Work order =>
Could the data below please be reproduced word for word, without the pictures?

(Recorded data Opens)

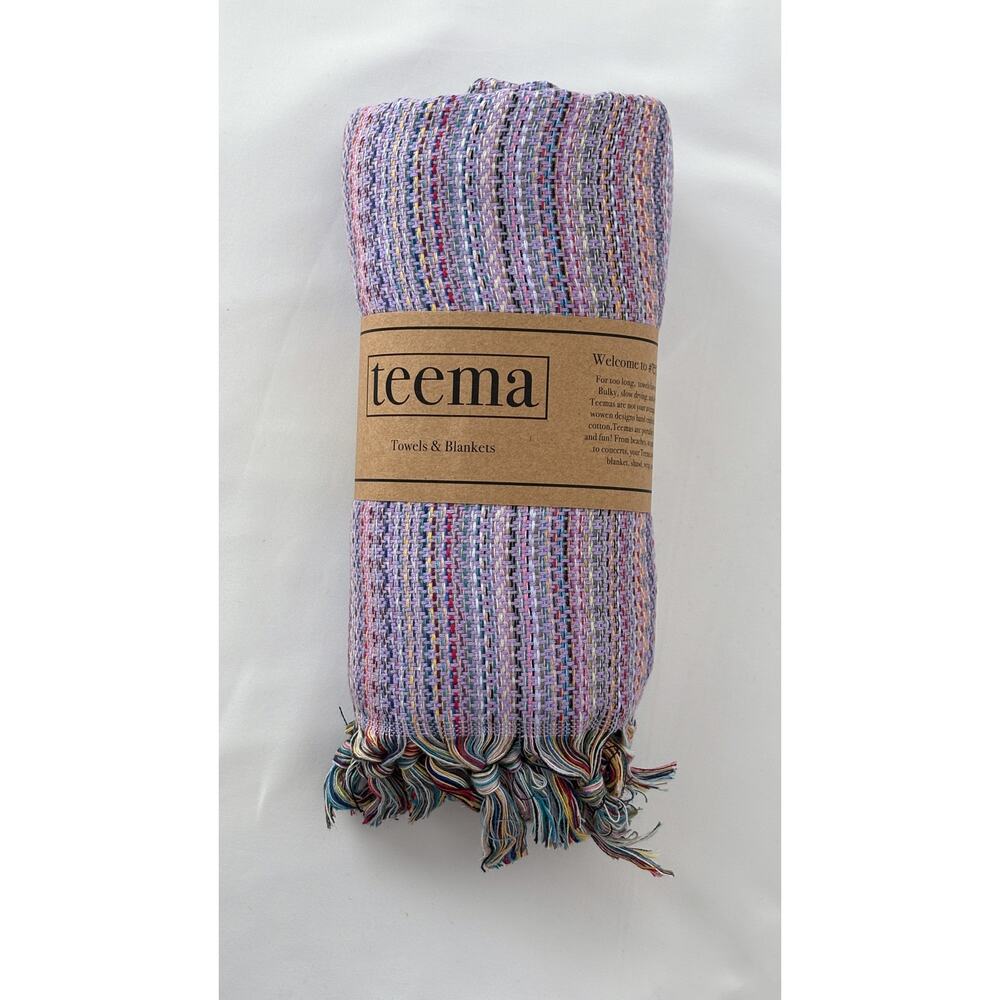 Teema Lilac Labyrinth Turkish Cotton Towel Bath Sheet Blanket 70"x38" New Fringe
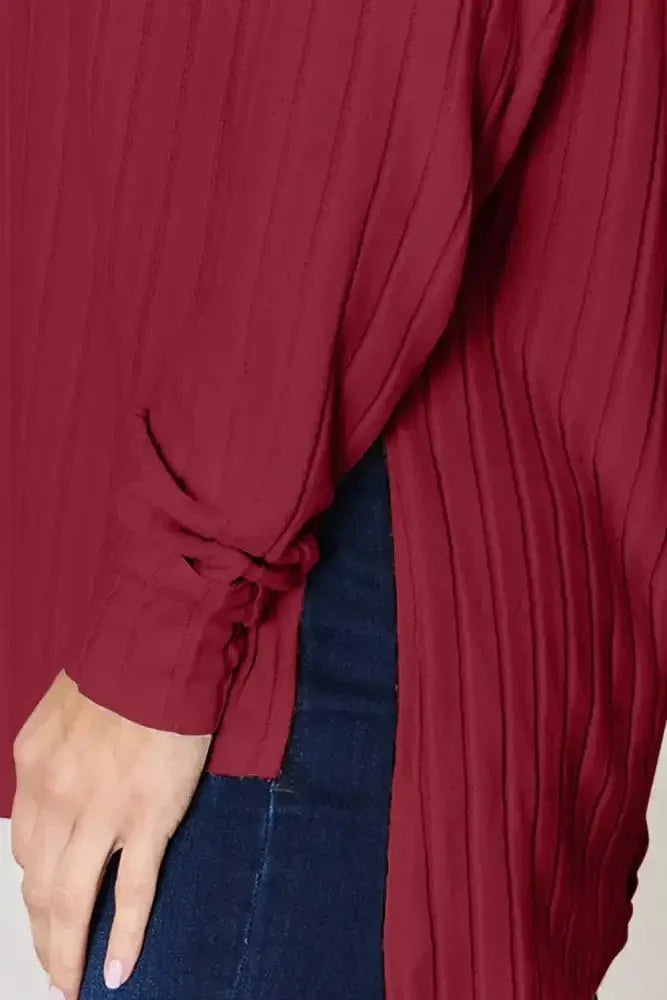 Basic Bae Full Size Ribbed Round Neck Slit T-Shirt - Update AvenueT-ShirtsTrendsi100101089491672100101089491672bb693afc - 6afe - 40c5 - 9f67 - 85118faa403b - MaxDeep Red
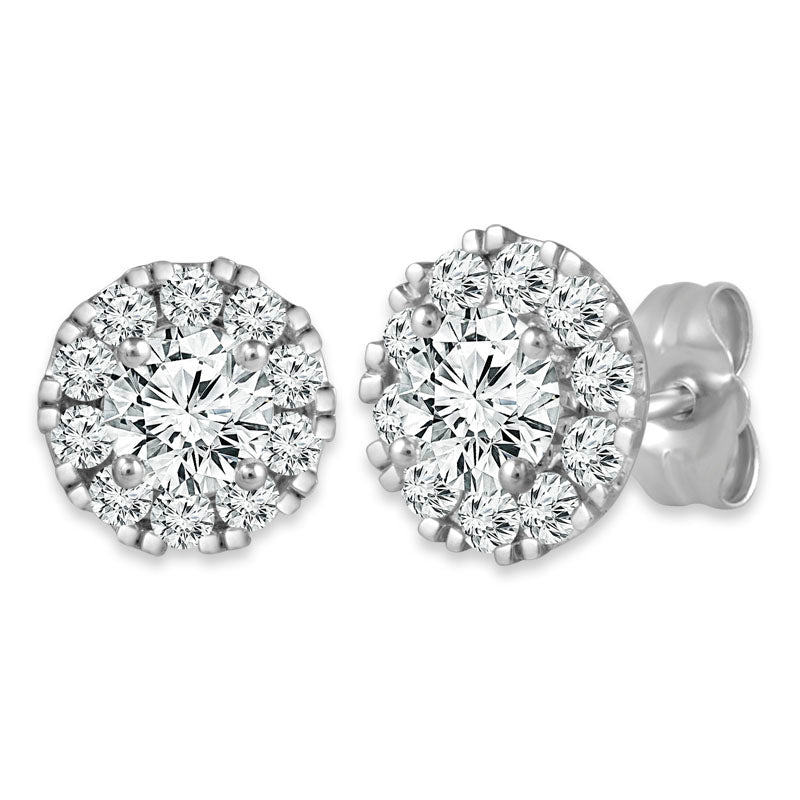 Diamond Halo Earrings 1.5 ct tw Round 14k White Gold
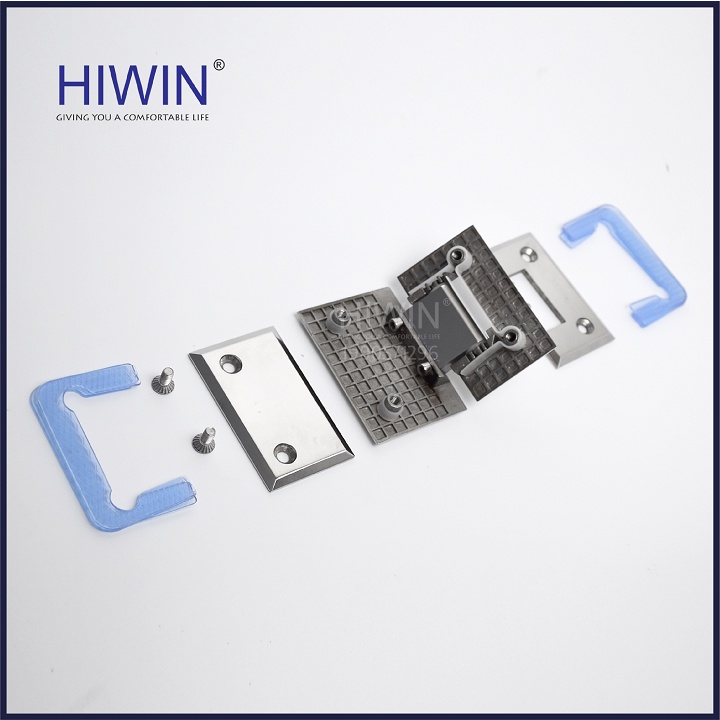 Bản lề phòng tắm kính 135 độ đế cân cạnh vát chất liệu inox 304 mặt gương HIWIN HG-006 (dày 5mm)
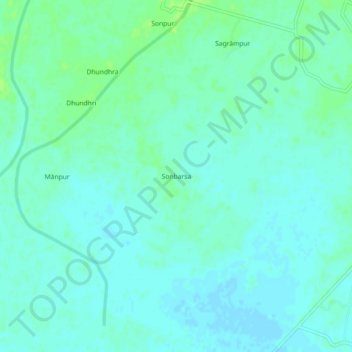 Carte topographique Sonbarsa, altitude, relief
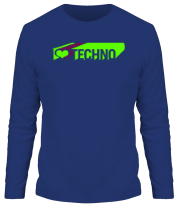 Мужская футболка длинный рукав I love techno фото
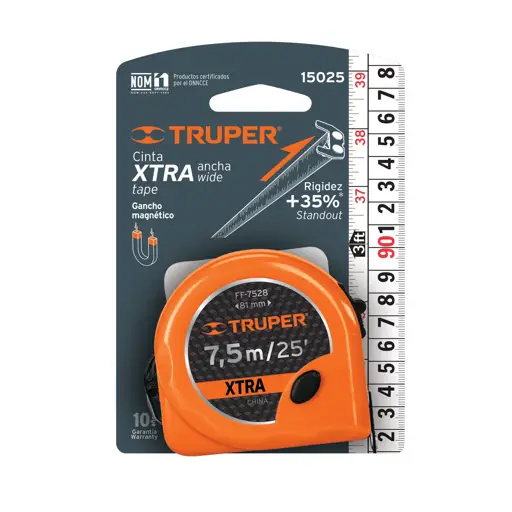 CINTA METRICA XTRA 7.5M ANCHA 28MM TRUPER
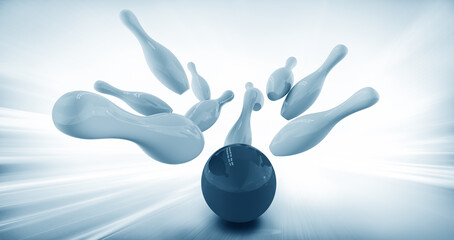 scattered skittle and bowling ball  © adimas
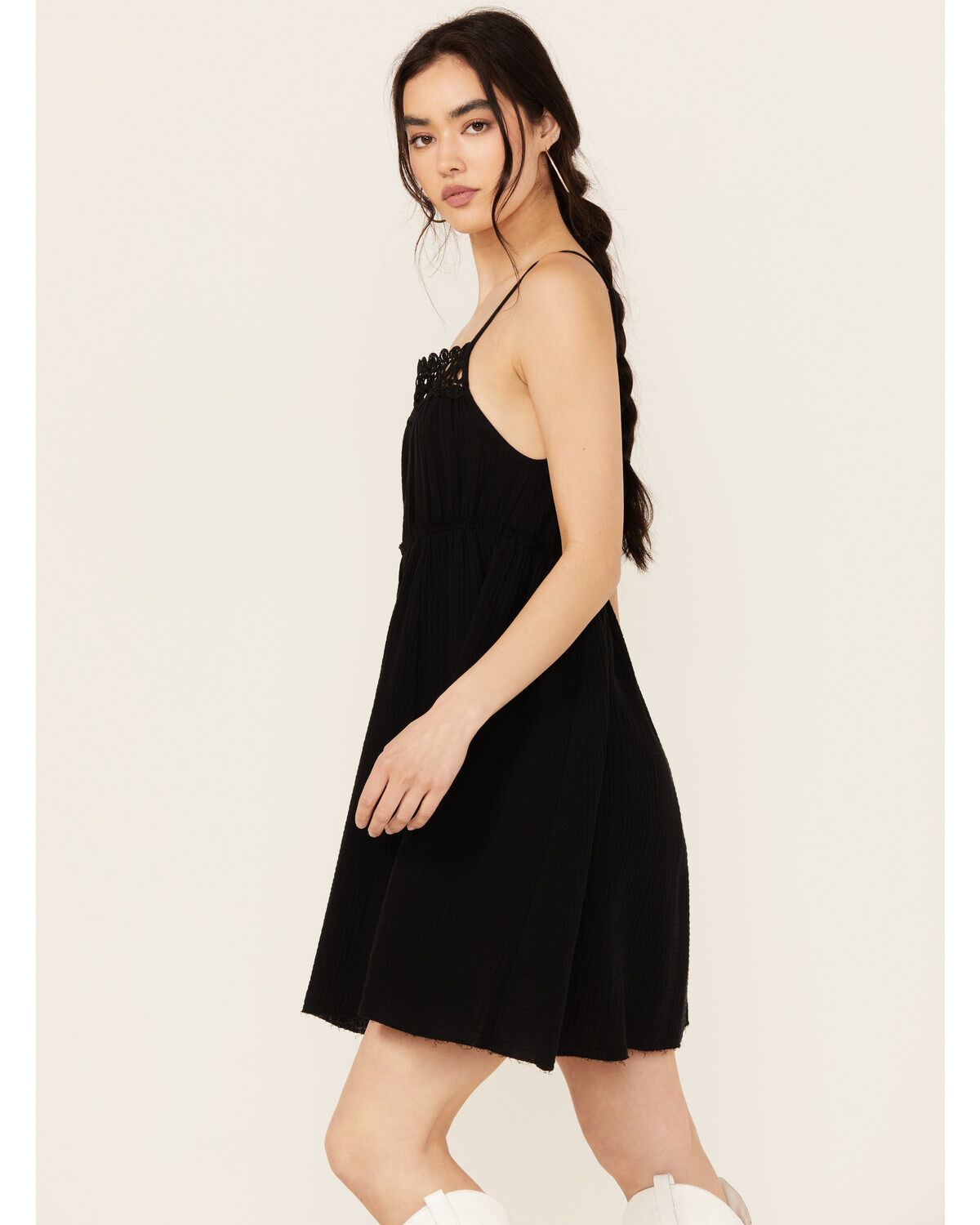 Image #2 - Beyond The Radar Women's Crochet Trim Mini Dress, Black, hi-res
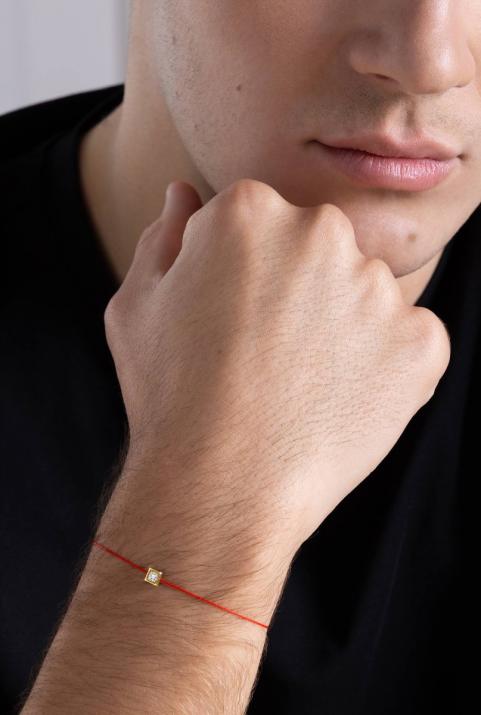 String Bracelet For Men with 0.10ct Round Diamond in Yellow Gold Square Setting - Redline - 0++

(Recorded data Closes)

Worked solution =>
 Teema Lilac Labyrinth Turkish Cotton Towel Bath Sheet Blanket 70"x38" New Fringe
 Basic Bae Full Size Ribbed Round Neck Slit T-Shirt - Update AvenueT-ShirtsTrendsi100101089491672100101089491672bb693afc - 6afe - 40c5 - 9f67 - 85118faa403b - MaxDeep Red
 Diamond Halo Earrings 1.5 ct tw Round 14k White Gold
 Bản lề phòng tắm kính 135 độ đế cân cạnh vát chất liệu inox 304 mặt gương HIWIN HG-006 (dày 5mm)
 Carte topographique Sonbarsa, altitude, relief
 Мужская футболка длинный рукав I love techno фото
 CINTA METRICA XTRA 7.5M ANCHA 28MM TRUPER
 scattered skittle and bowling ball  © adimas
 Image #2 - Beyond The Radar Women's Crochet Trim Mini Dress, Black, hi-res
 String Bracelet For Men with 0.10ct Round Diamond in Yellow Gold Square Setting - Redline - 0++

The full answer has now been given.